Task instructions:
Your response should consist of every record, exactly as given.

Stored data:
*** Block opens ***

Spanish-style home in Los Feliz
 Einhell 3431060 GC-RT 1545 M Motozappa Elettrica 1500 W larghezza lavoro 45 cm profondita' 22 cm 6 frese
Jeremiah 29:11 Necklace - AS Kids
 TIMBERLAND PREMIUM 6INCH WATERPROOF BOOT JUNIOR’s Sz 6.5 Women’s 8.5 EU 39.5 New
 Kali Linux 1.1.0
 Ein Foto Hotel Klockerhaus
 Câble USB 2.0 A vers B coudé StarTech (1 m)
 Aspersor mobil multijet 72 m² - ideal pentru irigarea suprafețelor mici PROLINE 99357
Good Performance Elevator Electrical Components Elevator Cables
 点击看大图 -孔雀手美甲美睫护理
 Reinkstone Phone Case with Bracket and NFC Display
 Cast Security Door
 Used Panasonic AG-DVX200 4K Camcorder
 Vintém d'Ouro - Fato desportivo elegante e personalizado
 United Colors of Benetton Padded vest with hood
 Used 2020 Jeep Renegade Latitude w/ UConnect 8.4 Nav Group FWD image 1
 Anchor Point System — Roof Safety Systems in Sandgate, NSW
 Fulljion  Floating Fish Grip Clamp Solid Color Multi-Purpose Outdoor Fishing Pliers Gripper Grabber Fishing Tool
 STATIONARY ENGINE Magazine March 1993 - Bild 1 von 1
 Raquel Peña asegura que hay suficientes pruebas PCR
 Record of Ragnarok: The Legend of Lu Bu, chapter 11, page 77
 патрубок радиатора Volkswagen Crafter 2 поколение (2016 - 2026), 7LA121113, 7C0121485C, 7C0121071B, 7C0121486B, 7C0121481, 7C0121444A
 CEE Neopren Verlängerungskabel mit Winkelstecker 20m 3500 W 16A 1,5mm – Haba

*** Block closes ***

Answer for the task:
Spanish-style home in Los Feliz
 Einhell 3431060 GC-RT 1545 M Motozappa Elettrica 1500 W larghezza lavoro 45 cm profondita' 22 cm 6 frese
Jeremiah 29:11 Necklace - AS Kids
 TIMBERLAND PREMIUM 6INCH WATERPROOF BOOT JUNIOR’s Sz 6.5 Women’s 8.5 EU 39.5 New
 Kali Linux 1.1.0
 Ein Foto Hotel Klockerhaus
 Câble USB 2.0 A vers B coudé StarTech (1 m)
 Aspersor mobil multijet 72 m² - ideal pentru irigarea suprafețelor mici PROLINE 99357
Good Performance Elevator Electrical Components Elevator Cables
 点击看大图 -孔雀手美甲美睫护理
 Reinkstone Phone Case with Bracket and NFC Display
 Cast Security Door
 Used Panasonic AG-DVX200 4K Camcorder
 Vintém d'Ouro - Fato desportivo elegante e personalizado
 United Colors of Benetton Padded vest with hood
 Used 2020 Jeep Renegade Latitude w/ UConnect 8.4 Nav Group FWD image 1
 Anchor Point System — Roof Safety Systems in Sandgate, NSW
 Fulljion  Floating Fish Grip Clamp Solid Color Multi-Purpose Outdoor Fishing Pliers Gripper Grabber Fishing Tool
 STATIONARY ENGINE Magazine March 1993 - Bild 1 von 1
 Raquel Peña asegura que hay suficientes pruebas PCR
 Record of Ragnarok: The Legend of Lu Bu, chapter 11, page 77
 патрубок радиатора Volkswagen Crafter 2 поколение (2016 - 2026), 7LA121113, 7C0121485C, 7C0121071B, 7C0121486B, 7C0121481, 7C0121444A
 CEE Neopren Verlängerungskabel mit Winkelstecker 20m 3500 W 16A 1,5mm – Haba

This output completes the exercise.